Descriptive Stats - Chapter 2 - Theory Flashcards
What is the definition of statistics as presented in the material, and what are its key processes?
Statistics is the science of handling data to make decisions. Key processes: collecting, organizing, analyzing, interpreting, and presenting data.
Explain the difference between a population and a sample, providing an example from the document.
Population is the whole group; sample is a subset.
What is a random variable, and how does it relate to data collection in statistics?
A random variable is a measurable outcome (e.g., height). It’s what’s collected as data
Define a population parameter and a sample statistic, and give an example of each.
Parameter describes the population (e.g., mean of all scores). Statistic describes a sample (e.g., mean of 10 scores).
What are the three major components of statistics mentioned in the document, and what is the purpose of each?
Descriptive (summarizes data), Inferential (predicts from samples), Visualization (shows data graphically).
How does descriptive statistics differ from inferential statistics in terms of their objectives?
Descriptive summarizes data; inferential predicts beyond it.
What is the purpose of data visualization in descriptive statistics, and name three types of visualizations mentioned?
Purpose: Show patterns clearly. Types: Bar charts, pie charts, histograms.
Explain the difference between qualitative and quantitative data types with examples.
Qualitative: Categories (e.g., gender). Quantitative: Numbers (e.g., height).
What is the role of a bar chart, and how is it constructed according to the document?
Role: Compare frequencies. Construction: Categories on x-axis, frequencies on y-axis, bars with gaps.
Describe how a pie chart represents data and what condition must its segments satisfy?
Pie chart shows proportions as slices. Condition: Slices total 100%
What is a histogram, and how does it differ from a bar chart in displaying data?
Histogram shows frequency of continuous data with no gaps. Bar chart has gaps for discrete categories.
What does a boxplot visually represent, and what are its key components?
Boxplot shows spread and outliers. Components: Box (IQR), median line, whiskers, outliers.
Define outliers in a dataset, and explain why they are significant in data analysis.
Outliers are extreme values. Significant because they can signal errors or special cases.
What is the interquartile range (IQR), and how is it used to detect outliers?
QR is Q3 - Q1. Outliers are below Q1 - 1.5 × IQR or above Q3 + 1.5 × IQR.
What are measures of central tendency, and list the three types mentioned in the document?
Central tendency shows the dataset’s center. Types: Mean, median, mode.
What are measures of dispersion, and why are they important in describing data?
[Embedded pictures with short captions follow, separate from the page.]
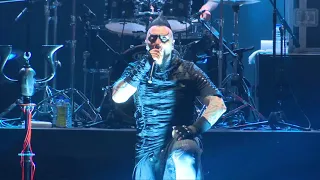 Hayko Cepkin - Intro Yuh Yuh  (Concert Live) (İzmir Gündoğdu Meydanı - 19 Mayıs 2019)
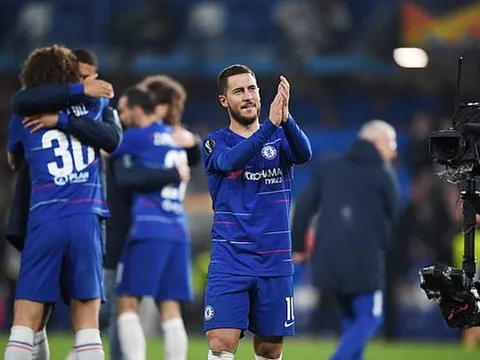 Hazard vẫy tay chào tạm biệt CĐV Chelsea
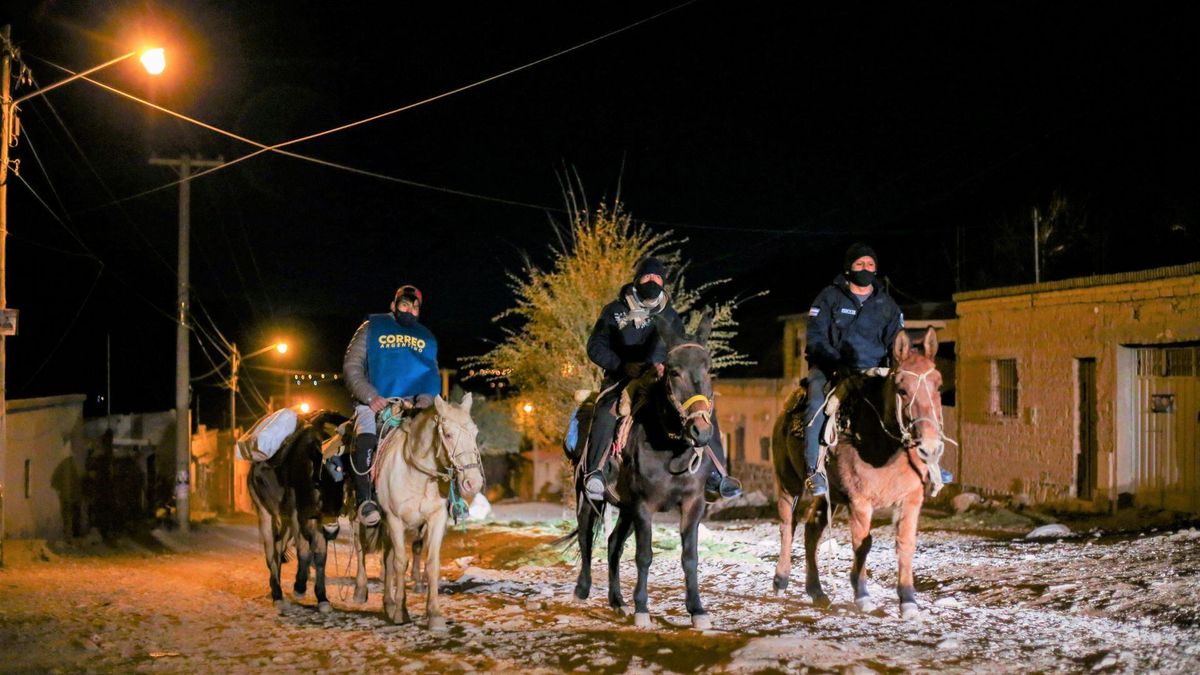 El transporte de las urnas está a cargo del Correo Argentino. El transporte de las urnas está a cargo del Correo Argentino.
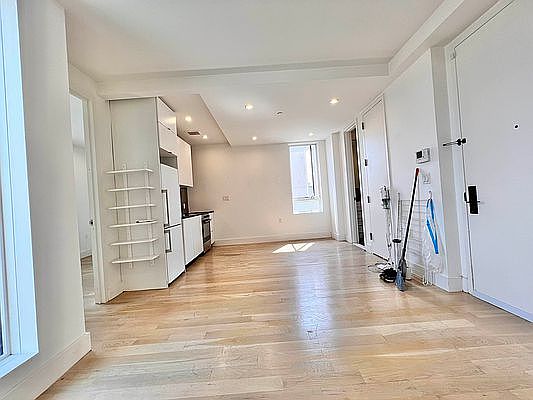 4th image of 1509 Jefferson Ave APT 5F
Dispersion measures spread (e.g., IQR). Important to show data variability.
Explain the concept of covariance and how it relates to the relationship between two variables.
Covariance shows if two variables move together (positive or negative).
What are the ground rules for engaging in a statistics session as outlined in the document, and how do they facilitate learning?
Rules: Be curious, ask questions, practice, collaborate. They encourage active learning.
What is correlation, and how does it differ from covariance in terms of interpretation?
Correlation measures relationship strength (-1 to 1). Covariance isn’t standardized, so it’s less interpretable.
Why is it important to understand both the spread and central tendency of a dataset?
Central tendency gives the average; spread shows how varied the data is—both are needed for a full picture.